*** Opening of DATASET ***
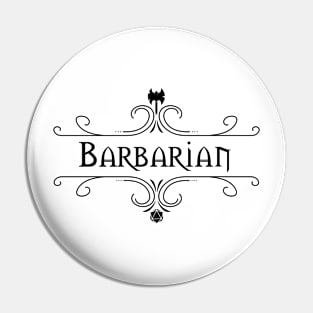 Barbarian Dungeon & Dragons Class Pin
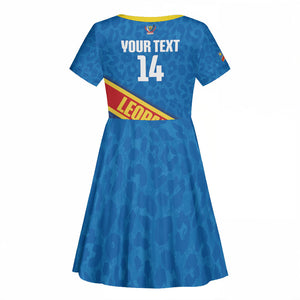 DR Congo Basketball Custom Kid Short Sleeve Dress 2026 Go Leopards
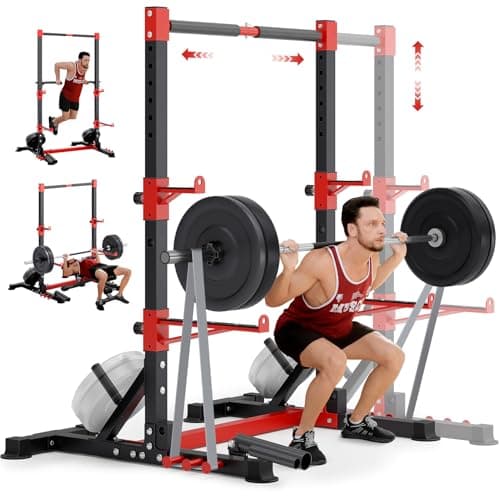 YOLEO Smith Machine & Squat Rack Combo, Multi-Functional Power Racks with Adjustable Width & Pull-Up Bar, Cable Crossover Power Cage, Independent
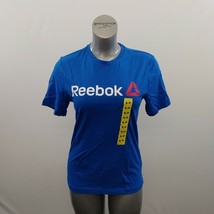 Reebok V Neck T Shirt Women&#39;s Size Small Blue Short Sleeve Cotton Short ... - $10.84 CAD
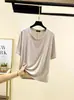 Camiseta Feminina Manga Curta Gola Redonda Verão Nova Modal Solta Emagrecedora Fina Casual Pulôver Camisa Base Casa Top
*** Close of DATASET ***
Please print the data above once more, exactly as it appears, with no pictures.

 Barbarian Dungeon & Dragons Class Pin
 DR Congo Basketball Custom Kid Short Sleeve Dress 2026 Go Leopards
 YOLEO Smith Machine & Squat Rack Combo, Multi-Functional Power Racks with Adjustable Width & Pull-Up Bar, Cable Crossover Power Cage, Independent
 Reebok V Neck T Shirt Women&#39;s Size Small Blue Short Sleeve Cotton Short ... - $10.84 CAD
 Camiseta Feminina Manga Curta Gola Redonda Verão Nova Modal Solta Emagrecedora Fina Casual Pulôver Camisa Base Casa Top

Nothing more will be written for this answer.